The diplomat, Tanveer Ahmad Khan, writes that the “international border became an epistemological barrier” between India and Pakistan (p. 219). He notes that a war broke out between the two countries in 1965 largely because India refused to hold a plebiscite in Kashmir—an observation that may appear too strong to many Indians. He also writes that Pakistan “sponsored a revolt in Indian-held Kashmir by infiltrating guerrillas in the region”—a statement that might not go down well in Pakistan (p. 221). Observing a “paradigm shift” in Indo-Pak relations, he expresses optimism about the future (p. 224). Ahmad Faruqui, a professor at Stanford University, explicitly states that Bhutto, as foreign minister, had proposed that irregular fighters be sent into Kashmir. President Ayub Khan only accepted this advice after a creditable performance by the Pakistani Army in April 1965. The Indian attack on Lahore during the war shocked Ayub because Bhutto had led him to believe that India could not “risk a war of unlimited duration.” Equally taken aback were the people of Pakistan who were “expecting an imminent victory over India” (p. 535).

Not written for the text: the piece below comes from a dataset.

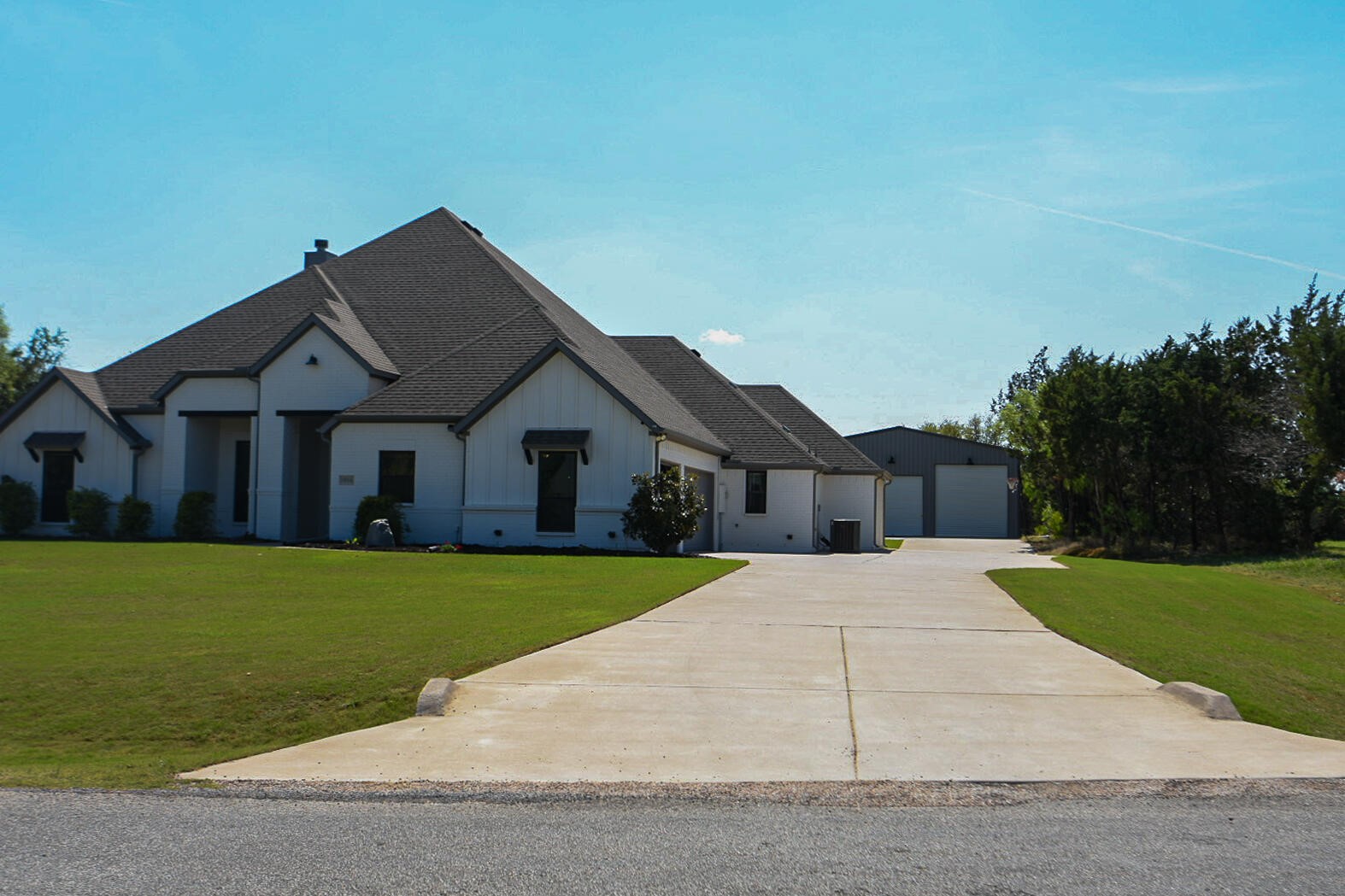 1016 Forest Glen Road Weatherford TX 76087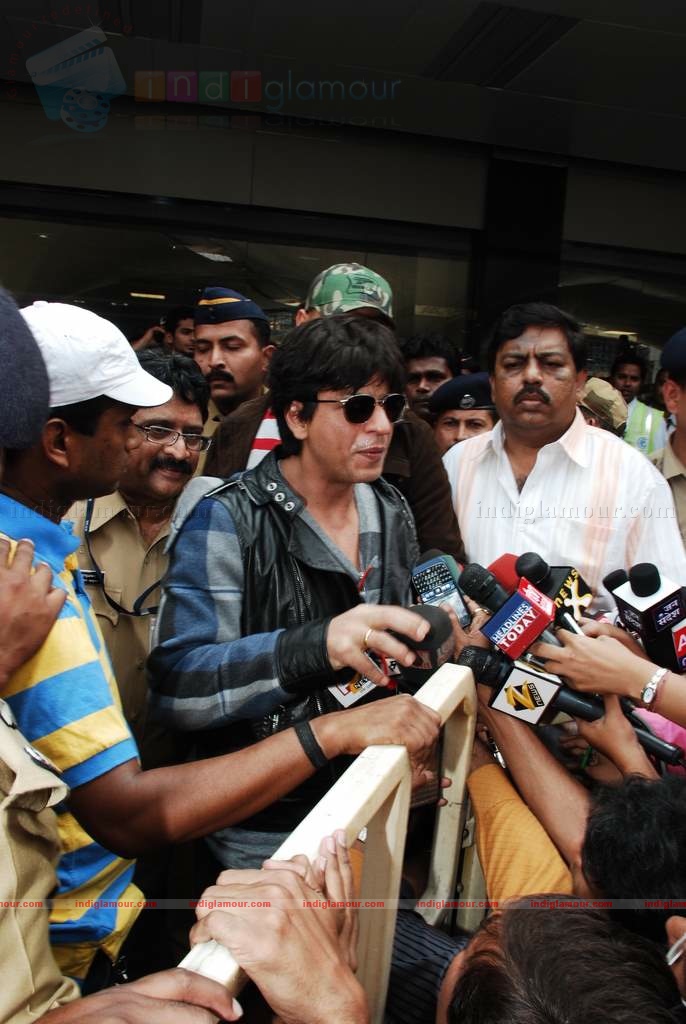 SRK, Kajol, Karan arrive back in Mumbai Event hd photo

The problem in East Pakistan, Abbas Rashid states, arose because the West Pakistan leadership disliked “the logic of the demographic arithmetic that gave a clear majority to East Pakistan” (p. 215). On the one hand, although the atrocities committed by the Pakistani Army and the role of the Mukti Bahini in Bangladesh are acknowledged in this volume, they are not dealt with at any length. On the other hand, the political and military aspects of the 1971 crisis and war are dealt with head on. Bhutto created a crisis by demanding two prime ministers for the two wings of Pakistan after the Awami League of East Pakistan became the largest party with a clear majority after elections. Faruqui blames “elements” in the Pakistani Army for deliberately propping up Bhutto to counter the Awami League
(p. 535). “The majority of East Pakistani population” came to support independence because of the atrocities and rapes committed by the Pakistani Army. When Yahya Khan “blundered” into attacking Indian air bases in the west, the Indian government got the “excuse” to launch “an invasion” of East Pakistan (p. 536).
As for the Kargil war of 1999, it was an attempt by the Pakistani Army to assert its role in foreign policy. It ended because the American president, Bill Clinton, persuaded Nawaz Sharif to withdraw from the Line of Control. This, writes Faruqui, “negated Pakistan’s assertions that it was not controlling the mujahidins and also exposed the direct involvement of the Pakistani Army.” It was “obvious” to the people of Pakistan that American pressure had led to the withdrawal by Pakistan. In the eyes of the world, Pakistanis were seen as “the aggressors.” It also deflected attention from the death of over fifty thousand people in Kashmir in the decade preceding Kargil (p. 271). Tanvir Ahmad Khan asserts that possibly Pakistan would have dropped its long-standing demand for a plebiscite in Kashmir “in return for a settlement based on autonomy and self-rule” for territories controlled by both India and Pakistan. This did not fructify because of “Indian reluctance to accept demilitarization of the disputed state,” which most Kashmiris and Pakistan regard as an essential precondition for a settlement (p. 174). Moonis Ahmar acknowledges that there is fear of “internal colonization” by Kashmiri Muslims among the people of Ladakh and the Northern Areas (p. 273). After initial measures to create goodwill, however, he proposes a “joint parliament of J&K” to help resolve the Kashmir dispute (p. 275). All this is far removed from what the public or the politicians in India are willing to accept, so the problem remains unresolved.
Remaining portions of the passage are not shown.